Thursday, November 20, 2014

Who Is Malala-The story that continues to Continue.....

I first exposed my students to Malala Yousafzai's story with a packet I created from a few articles from the web, interspersed with questions I created. I added images, as I always do and some important background information they desperately needed. Also, an article on the Taliban, to describe the terrorist group who was responsible for the attack on her. A prior knowledge question proved that not one of my 28 students knew who Malala was. None knew about the Nobel Peace Prize. Only one had heard of the Taliban.
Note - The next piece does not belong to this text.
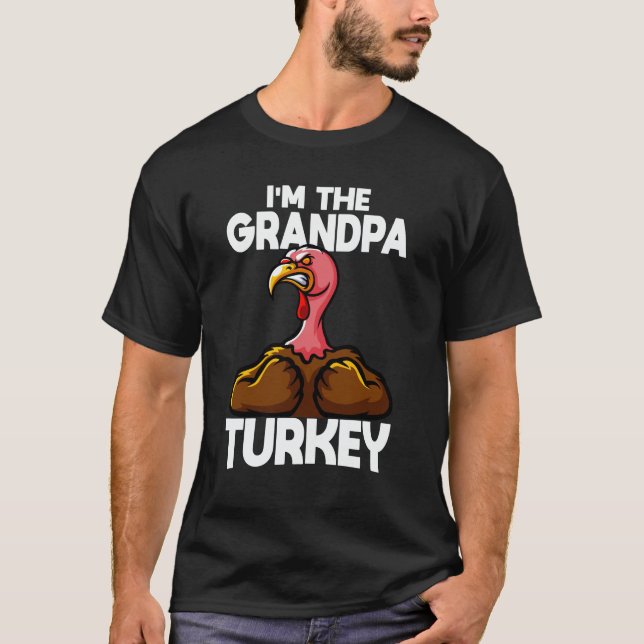 T-shirt Je suis la famille Grandpa Turquie Thanksgiving (Devant)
I was shocked, as I always am, that with so much information about this topic in our news daily, and their instruction in social studies classes, that they were clueless. Thus began what I believed would be a 4 day assignment at best....which turned into several weeks now. We read and answered questions. We created notes. We watched the ABC 20/20 Diane Sawyer special-Who Is Malala, and continued to develop notes. We organized those notes using graphic organizers in preparation for writing a 5 paragraph essay. We completed an 'Art Connected To Text" assignment where students would take a Big Idea and present it in an artistic form adding in Big Idea words. Finally, we are in the midst of the Persuasive/Argumentative essay. The essay is tedious at best. None have ever done such an assignment. They all want to dive into the story as a summary. This has been quite the challenge and I've modified the Painted Essay to be a 5 paragraph essay model, shifting some of the colors and maybe stirring some feathers also. This has been quite the adventure...and we are not even close to being done....but we are not stopping until we reach our destination...

My students keep saying, "This is hard!!" and I reply, "Yes it is, but we are getting there." Sometimes I am not sure....other times I am charged up and believing...'I think they can...I think they can....."











Their artistic representations floor me...I love them and each of them spoke volumes not with their voices but with their art...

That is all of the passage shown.